» GOAL OF THE EXERCISE
Would you please set down the data again exactly as given, excluding the pictures?

» GIVEN INFORMATION

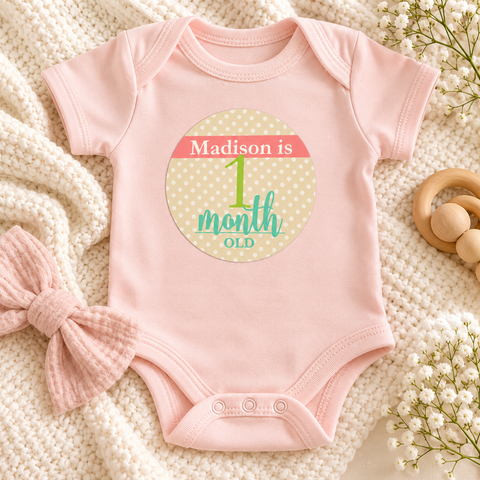 Onesie flat lay with a personalized first month baby girl milestone sticker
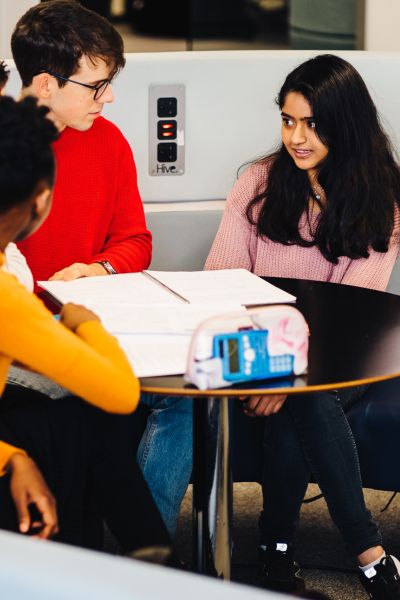 group of students looking at a desk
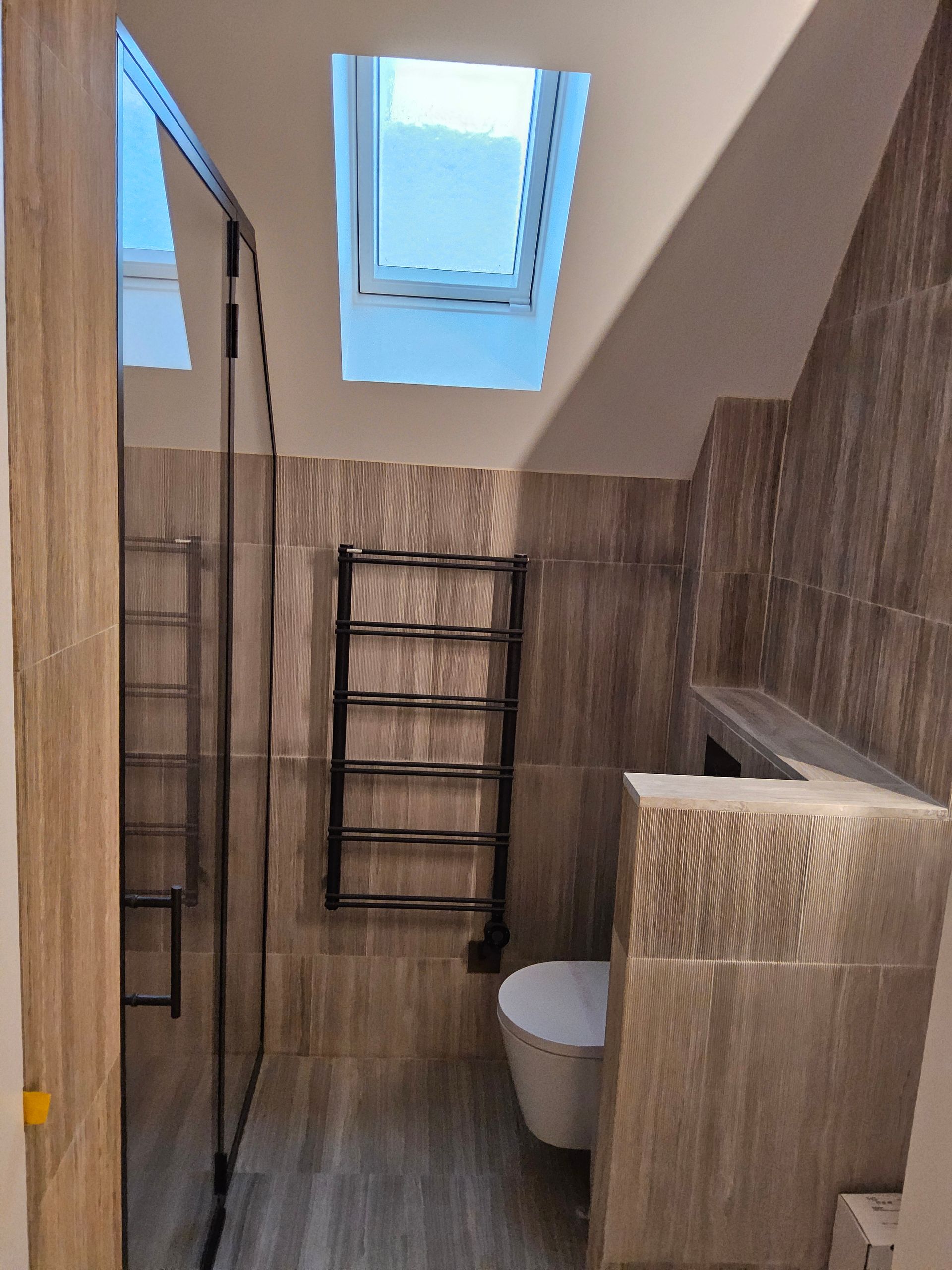 Une salle de bain avec toilettes et un puits de lumière au-dessus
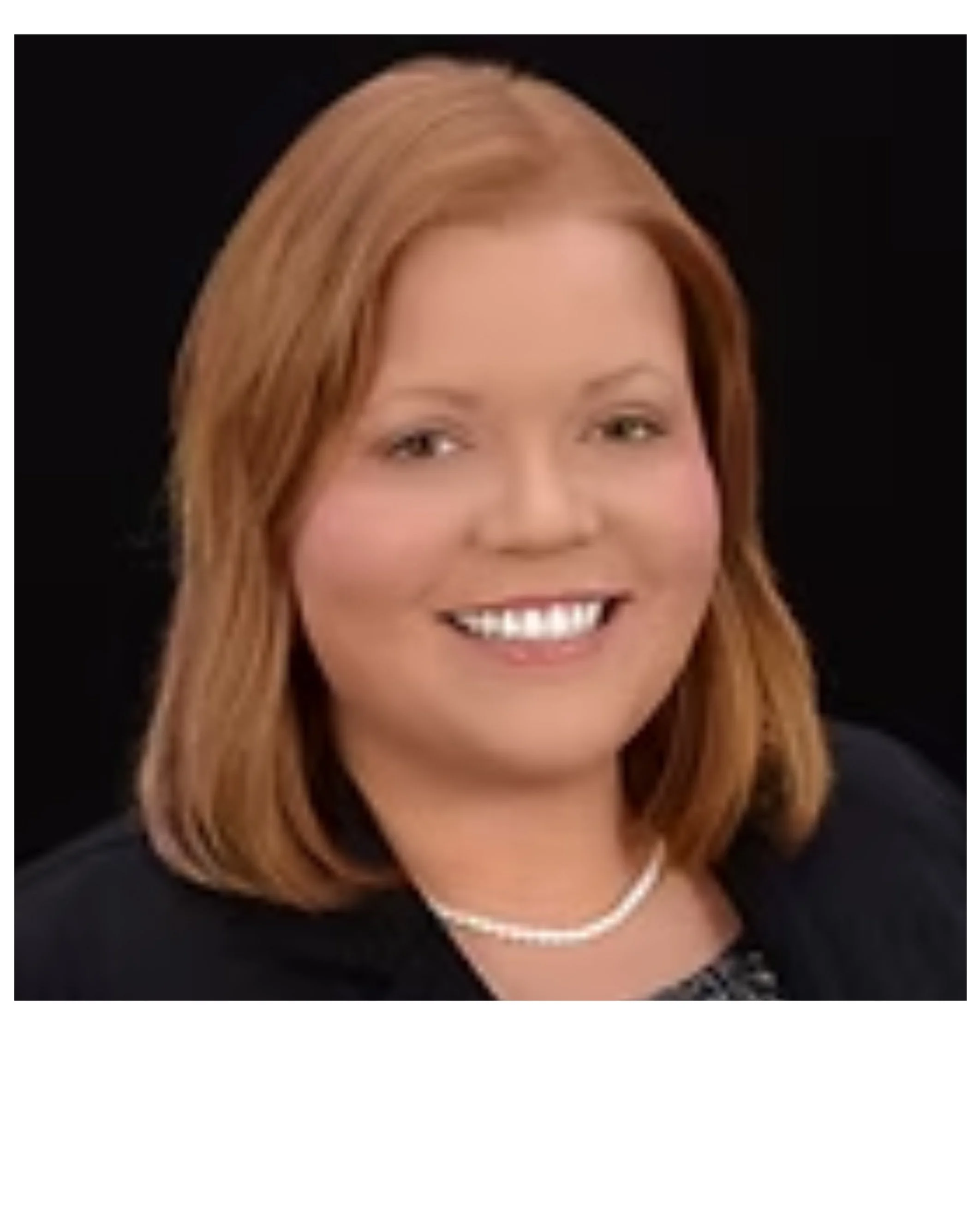 Headshot of a woman with shoulder-length red hair, smiling, wearing a black top and a pearl necklace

» WRITTEN SOLUTION
 Onesie flat lay with a personalized first month baby girl milestone sticker
 group of students looking at a desk
 Une salle de bain avec toilettes et un puits de lumière au-dessus
 Headshot of a woman with shoulder-length red hair, smiling, wearing a black top and a pearl necklace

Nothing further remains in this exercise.